The problem is that the external pulldown is FAR from ideal. It creates a useless (at best) voltage divider. It wastes current whenever the pin is high. It’s not really an option, I don’t think, on analog inputs. I don’t know how one would deal with it.
In my case, I would’ve had 16 solenoids pull open 16 water valves, only to have them crash closed all at once seconds later. This would have been disastrous for my setup (as in, damaging to the water lines). I ended up using two shift registers instead of using GPIO directly, but that shouldn’t be strictly necessary.
I can’t find clear documentation for either LPC2387 nor STM32 on what the internal firmware does with pins on startup. Anyone know off the top of their head?

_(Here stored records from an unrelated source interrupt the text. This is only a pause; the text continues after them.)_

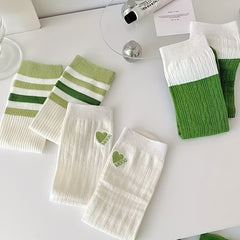 5 Pairs Striped Crew Socks for Women
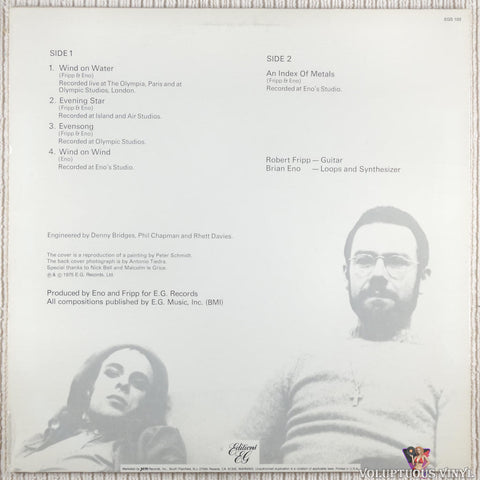 Fripp & Eno – Evening Star vinyl record back cover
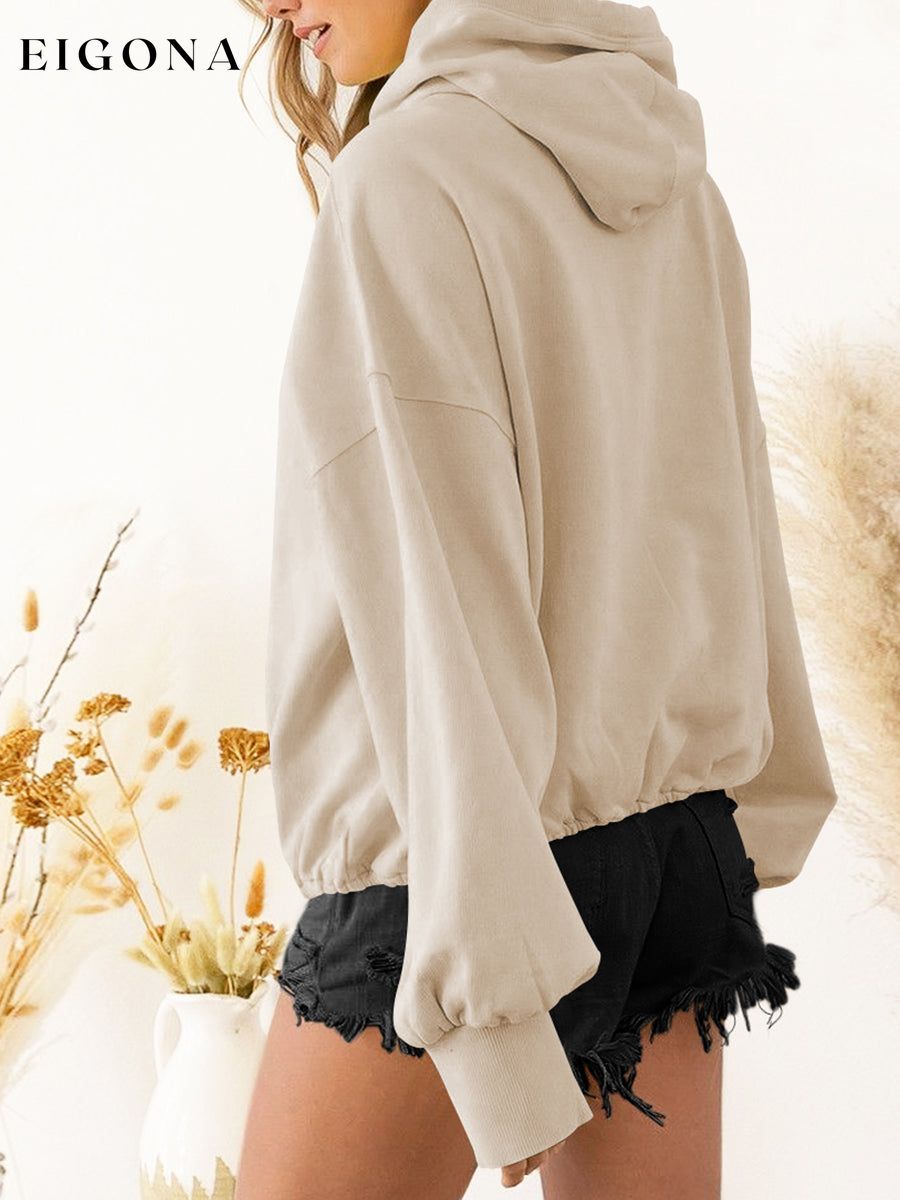 Zip-Up Dropped Shoulder Hoodie clothes hoodie long sleeve MDML Ship From Overseas Shipping Delay 09/29/2023 - 10/02/2023 sweater sweaters Sweatshirt trend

Note that we’re not the only ones with this “issue”. The Netduino people deal with it. It seems to me (and I’ve got practially no experience here) that the “normal” thing that microncontrollers do is set pins to high-Z on reset (input with no pullup/pulldown). This has the effect that they “float” somewhat randomly. It’s more useful in specific settings (where each pin that is being used is being used for a specific use), but makes it more complex to do general prototyping (because you’d need to use external pullups/pulldowns for pretty much every GPIO pin you used). Just my interpretation.
I asked a question some time ago about this very phenomenon on electronics.stackexchange: http://electronics.stackexchange.com/questions/17377/pulldown-resistor-on-mcu-output
With OSS systems like Cerberus and Hydra, one could modify the NETMF to set pins to do whatever they liked on reset. For production systems, it seems to me that the standard high-Z would be best.
We could petition the NETMF team to change this, but I doubt we’d get very far, as it’d be a massively breaking change with previous releases.
The next best strategy seems to be to design your GPIO circuits such that they’re “active low”, meaning, use PNP transistors instead of NPN transistors. I know, that doesn’t help with analog inputs.